Pourquoi la destitution d’Emmanuel Macron envisagée par les Insoumis n’a quasiment aucune chance d’aboutir

La menace est brandie mais a tout d’un coup d’épée dans l’eau. Dans un texte publié ce dimanche 18 août dans La Tribune DimancheLa France insoumise (LFI) menace d’engager une procédure de destitution contre Emmanuel Macron, accusé de «coup de force institutionnel contre la démocratie». En cause, selon les élus d’extrême-gauche, le dessein du président de la République «de nommer un chef de gouvernement sans tenir compte du résultat politique» des élections législatives anticipées de juillet qui ont placé en tête la gauche unie au sein du Nouveau Front populaire (NFP, 193 députés), mais loin de la majorité absolue (289 députés).

Pour mener à bien leur projet, les signataires, parmi lesquels Jean-Luc Mélenchon et ses lieutenants Mathilde Panot, Manon Aubry et Manuel Bompard, invoquent l’article 68 de la Constitution. Mais leur combat pour démettre de son mandat le locataire de l’Élysée n’a, en théorie, quasiment aucune chance d’aboutir au vu des équilibres parlementaires. Pis : ce dimanche, le Parti socialiste, membre du NFP, a annoncé ne pas soutenir cette initiative«Cette tribune n'est signée que par les dirigeants de LFI. Elle n'engage que leur mouvement (...) La destitution est impraticable», a affirmé sur X son premier secrétaire Olivier Faure.

De nombreux obstacles

L’article 68 de la Constitution dispose effectivement que le président de la République «ne peut être destitué qu'en cas de manquement à ses devoirs manifestement incompatible avec l'exercice de son mandat». Apparemment sibyllin, le «manquement» en question concerne le «comportement politique» mais aussi «privé» du président, «à condition que ses actes aient porté atteinte à la dignité de sa fonction», détaille le site vie-publique.
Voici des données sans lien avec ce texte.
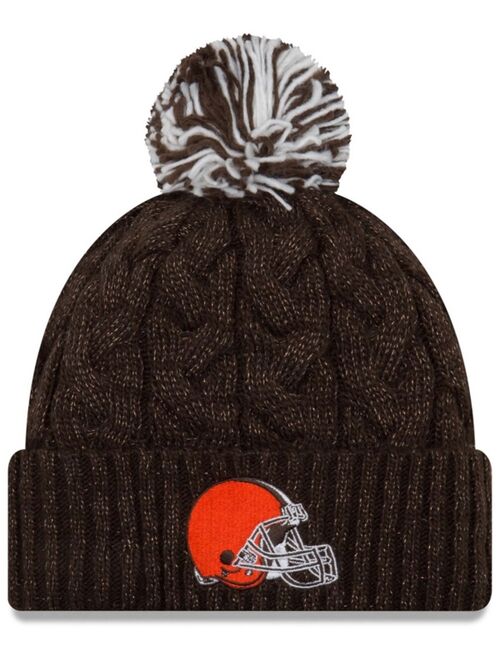 New Era Women's Brown Cleveland Browns Cozy Cable Cuffed Knit Hat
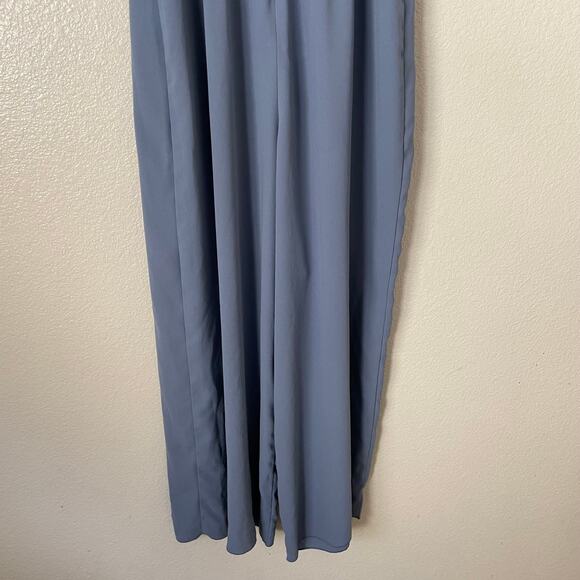 Aritzia Wilfred Jumpsuit Womens Size 4 Blue Zadie Smocked Straight Leg Crepe - Picture 9 of 12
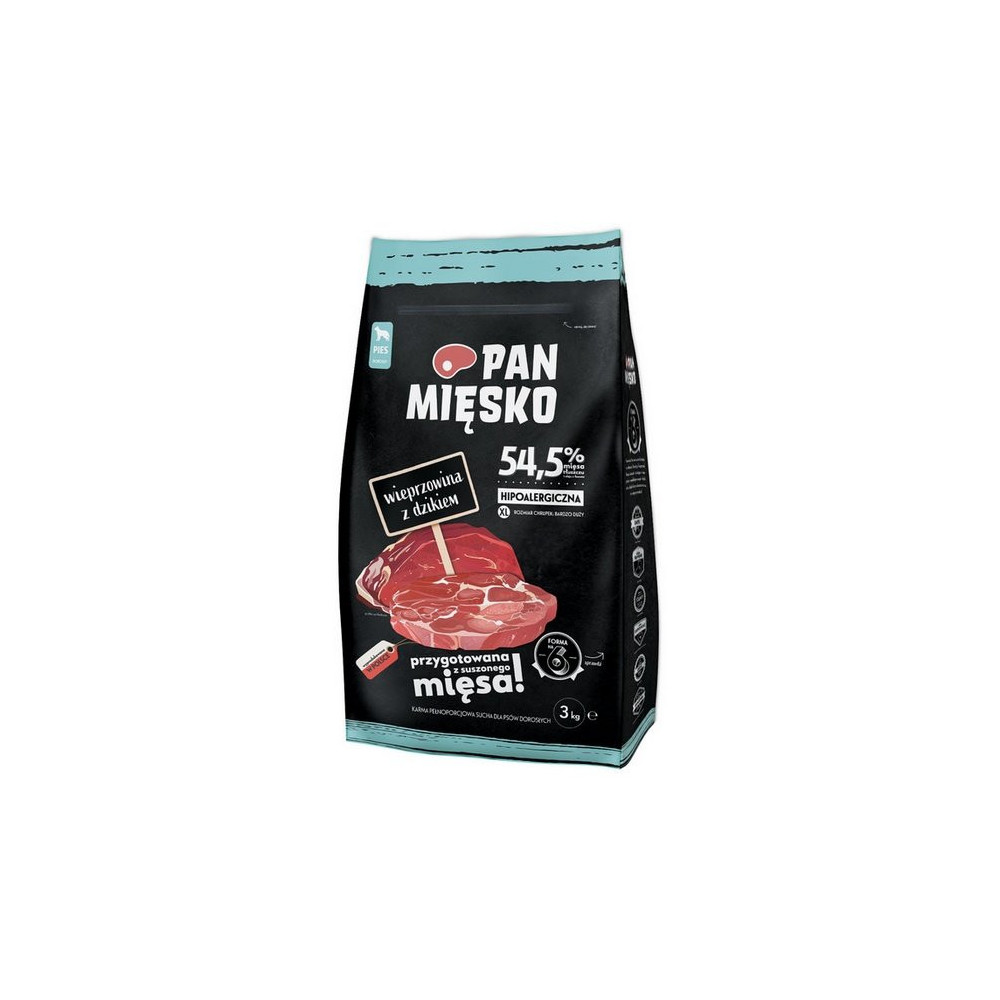 Pan Mięsko Karma sucha dla psa - wieprzowina i dzik chrupki XL 3kg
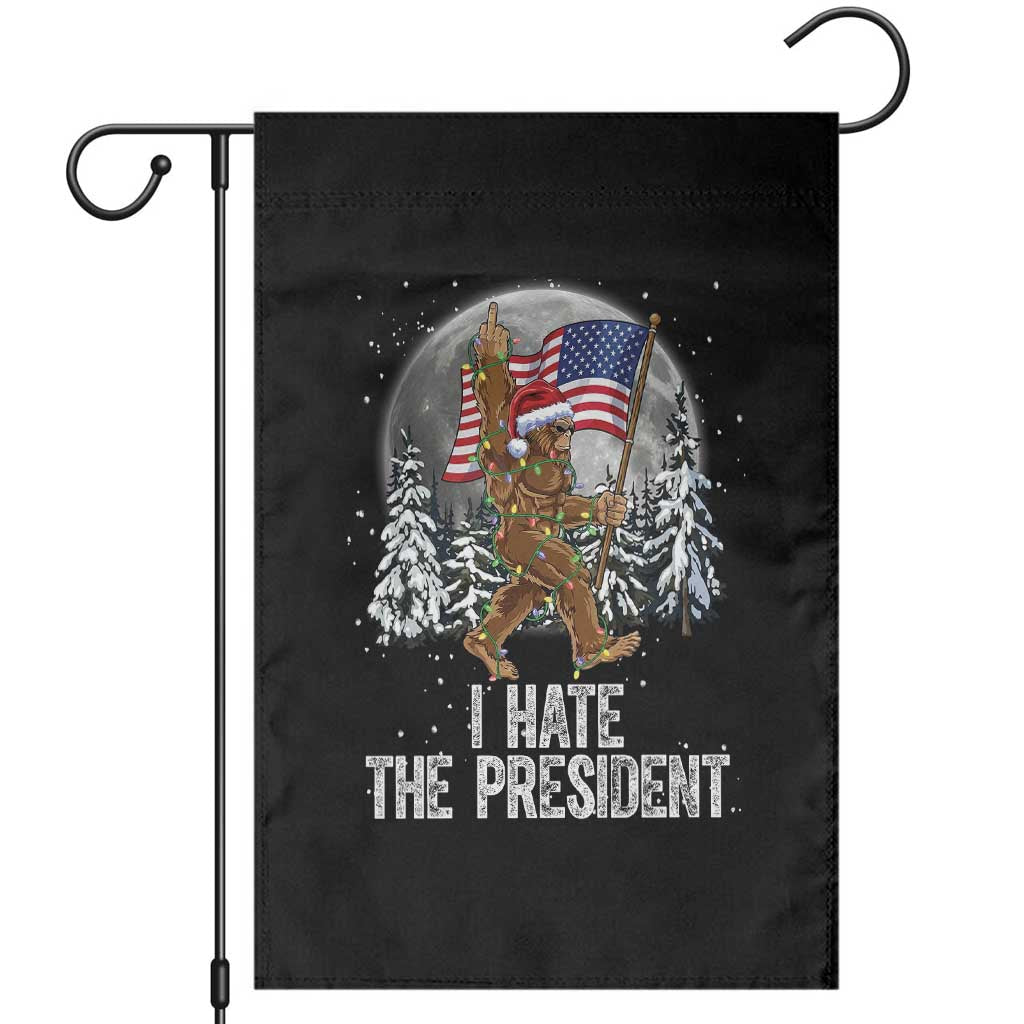 Funny Bigfoot Christmas Political Meme Garden Flag I Hate The President TS14 Black Print Your Wear
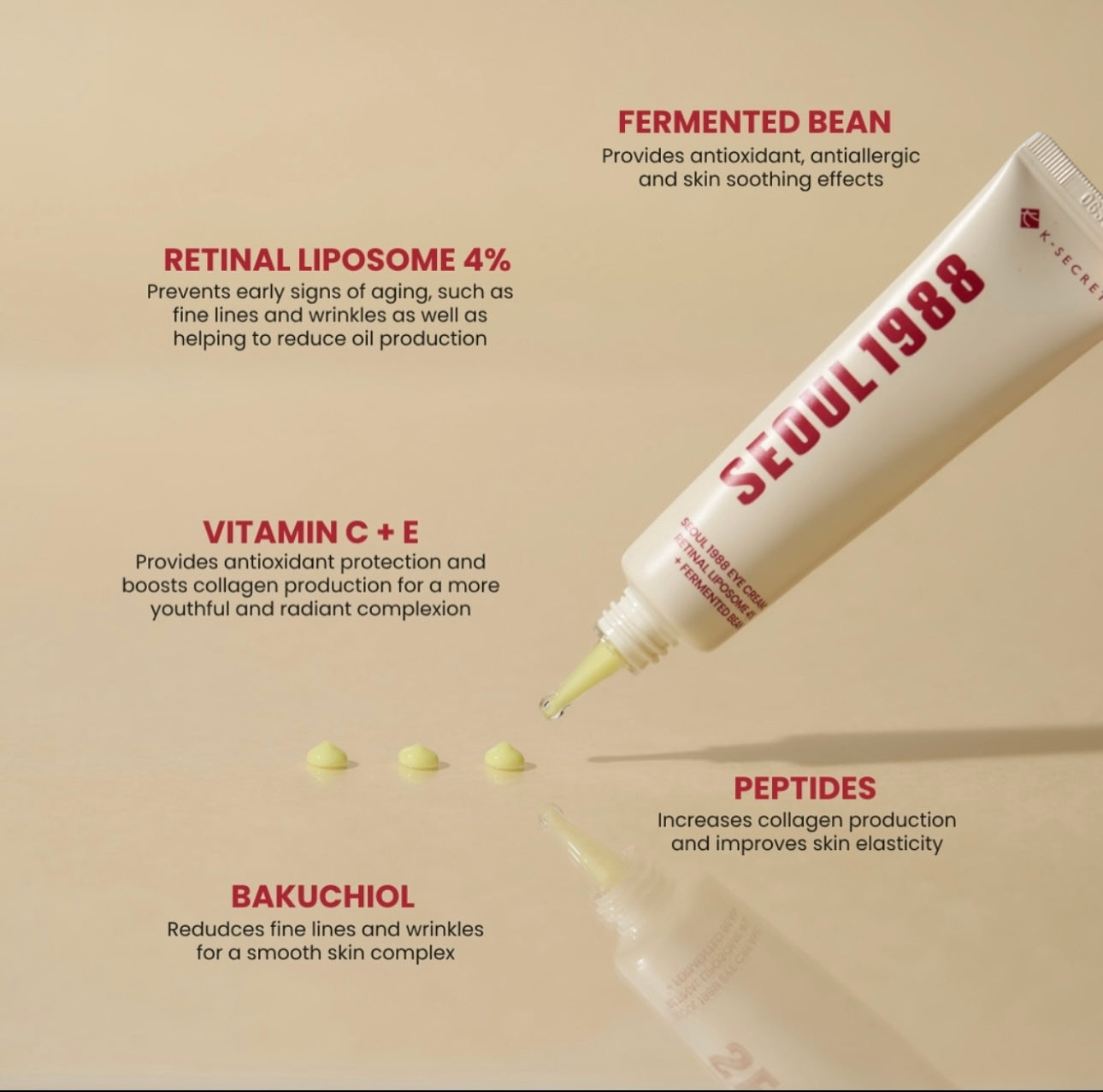 K-Secret Seoul 1988 Eye Cream: Retinol Liposome 4% + Fermented Bean 30ml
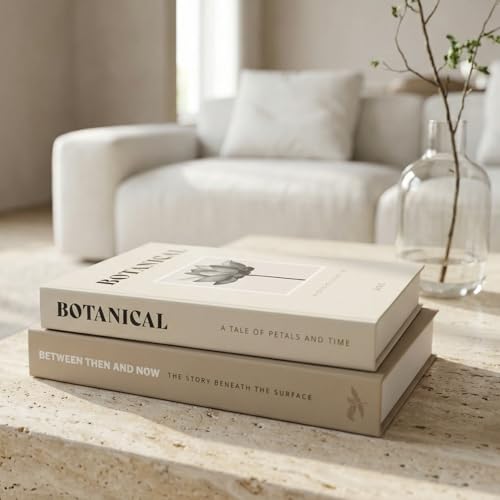 ZICOTO Beautiful Decorative Books - Set of 2 Boxes Enhance Your Coffee Table, Bookshelf or Mantel...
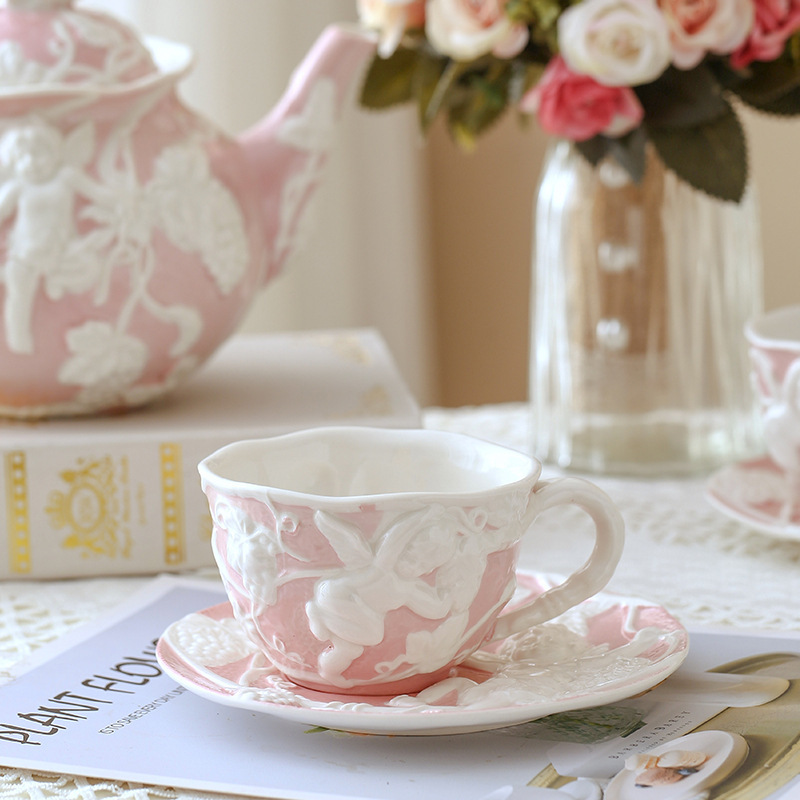 British Style Tea Cup Vintage Embossed Coffee Cup Saucer Kettle Set Household Decoration European Style Palace Style Afternoon Tea Tableware British Style Tea Cup Vintage Embossed Coffee Cup Saucer Kettle Set Household Decoration European Style Palace Style Afternoon Tea Tableware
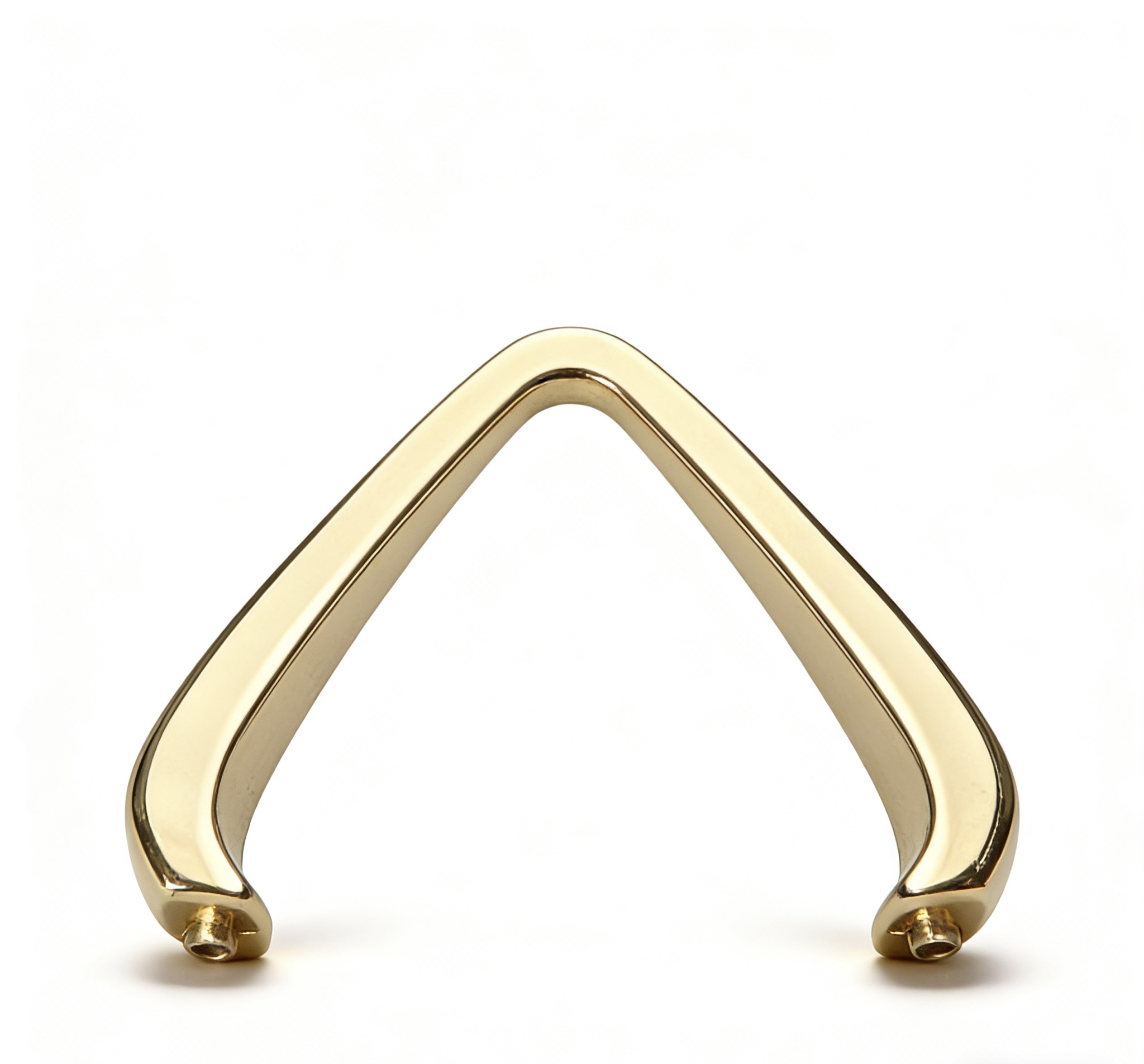 High-end mirror-polished light gold V-shaped chevron bridge connector and architectural strap anchor for luxury handbags, custom OEM manufactured by Wahkoi Metal.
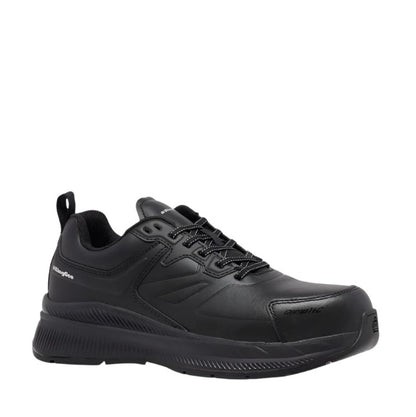 Black athletic shoe on a white background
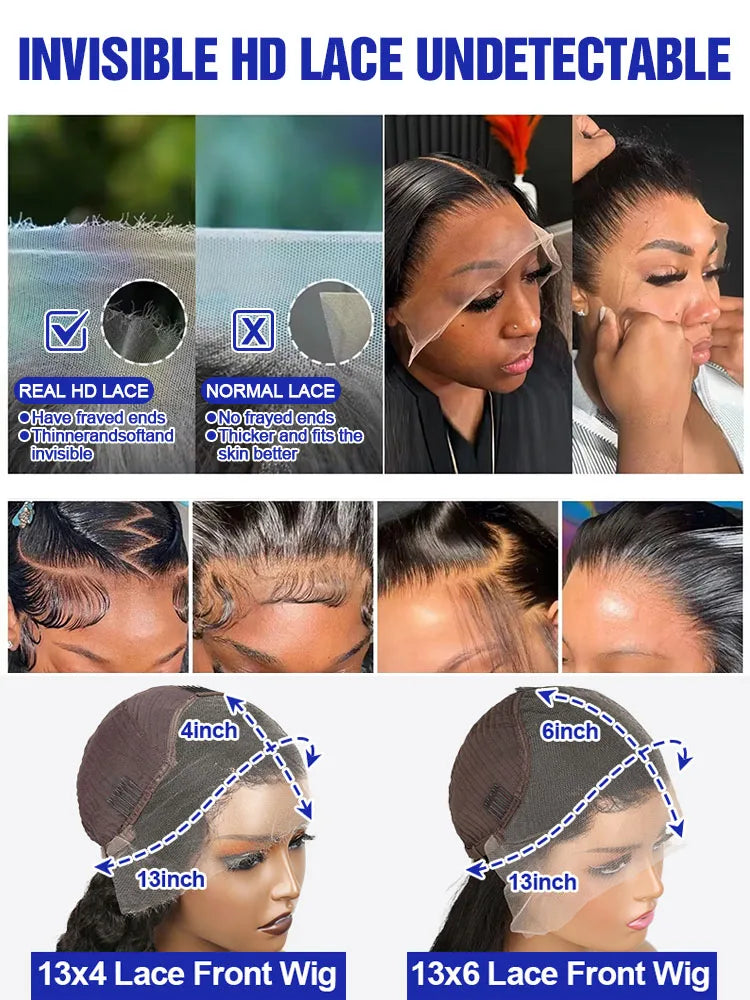 Bone Straight Transparent 13x6 HD Lace Front Human Hair Wig Pre Plucked - Glueless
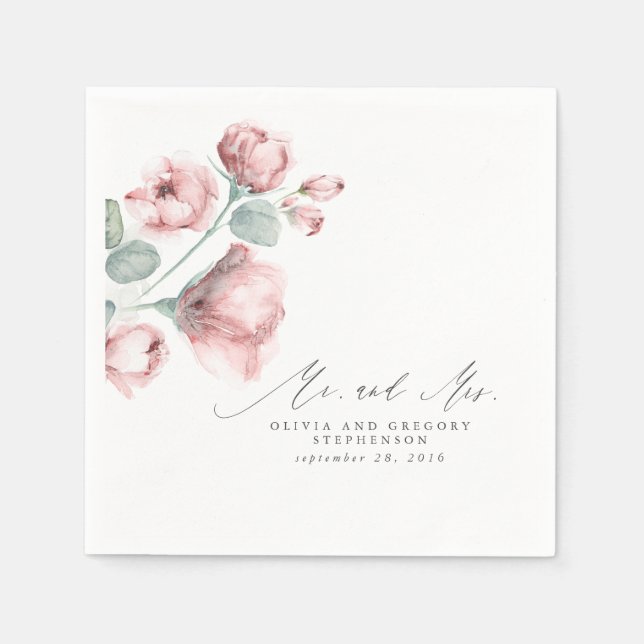 Serviette En Papier Dusty Rose Floral Élégant M. et Mme Mariage (Devant)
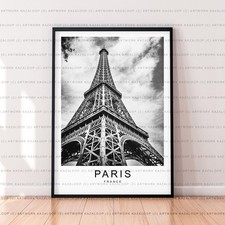 Paris Unframed Poster Print Greyscale Black And White Eiffel Tower Paris Art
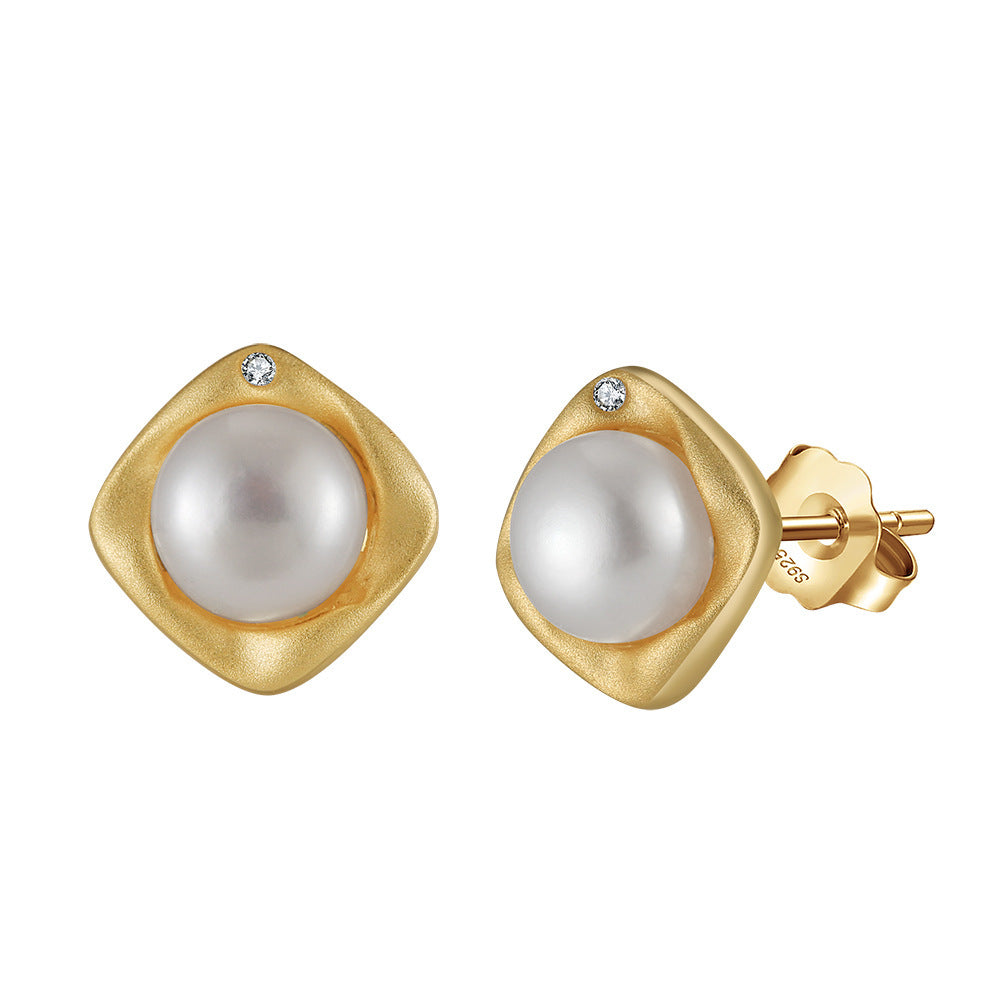 Wide Range of S925 Sterling Silver Natural Pearl Earrings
Dans leur tribune, les auteurs estiment «évident que le refus de prendre acte d'une élection législative et la décision de passer outre constituent un manquement condamnable aux exigences élémentaires du mandat présidentiel».

Reste qu’une telle procédure doit franchir plusieurs obstacles. Dans un premier temps, les parlementaires à l’initiative du processus doivent convaincre l’Assemblée nationale et le Sénat de se constituer en «Haute cour». L’unique mission de cette instance issue de la révision constitutionnelle de février 2007 et présidée par le président du Palais Bourbon - la macroniste Yaël Braun-Pivet en l’espèce - est de prononcer la destitution du président.  

Une menace morte dans l’œuf 

Convoquer cette «Haute Cour» passe par une proposition de résolution qui doit être successivement validée par le Bureau de l'Assemblée (le NFP y dispose d'au moins 12 voix sur 22), puis adoptée en commission des Lois, et dans l'hémicycle à une majorité des deux tiers. Un parcours similaire doit ensuite être effectué au Sénat, à majorité de droite.

Mais si La France insoumise, qui compte entre 70 et 80 députés, peut a priori déposer seule sa résolution à l’Assemblée nationale (il faut 1/10e des 577 députés), mettre d’accord 2/3 des députés, soit 384 parlementaires, semble impossible. Dans l’hypothèse - morte dans l’œuf après le refus du PS de soutenir cette procédure de destitution - où tous les députés NFP votaient pour, ils ne seraient que 151...

Et même dans le cas où la Haute Cour se constitue, la destitution du président de la République doit être votée elle aussi par la majorité des deux tiers de ses membres (soit 617 parlementaires sur 925). Très improbable, donc, au vu des rapports de force au sein des deux chambres parlementaires. 

Depuis son entrée en vigueur, l’article 68 n’a été utilisé qu’une seule fois. En 2016, des députés Les Républicains (LR) avaient lancé une procédure de destitution à l’encontre de François Hollande en raison de révélations et de confidences classées secret-défense faites dans le livre des journalistes du Monde Gérard Davet et Fabrice Lhomme Un président ne devrait pas dire ça... (Stock, 2016). La proposition avait été rejetée dès son examen par le bureau de l’Assemblée.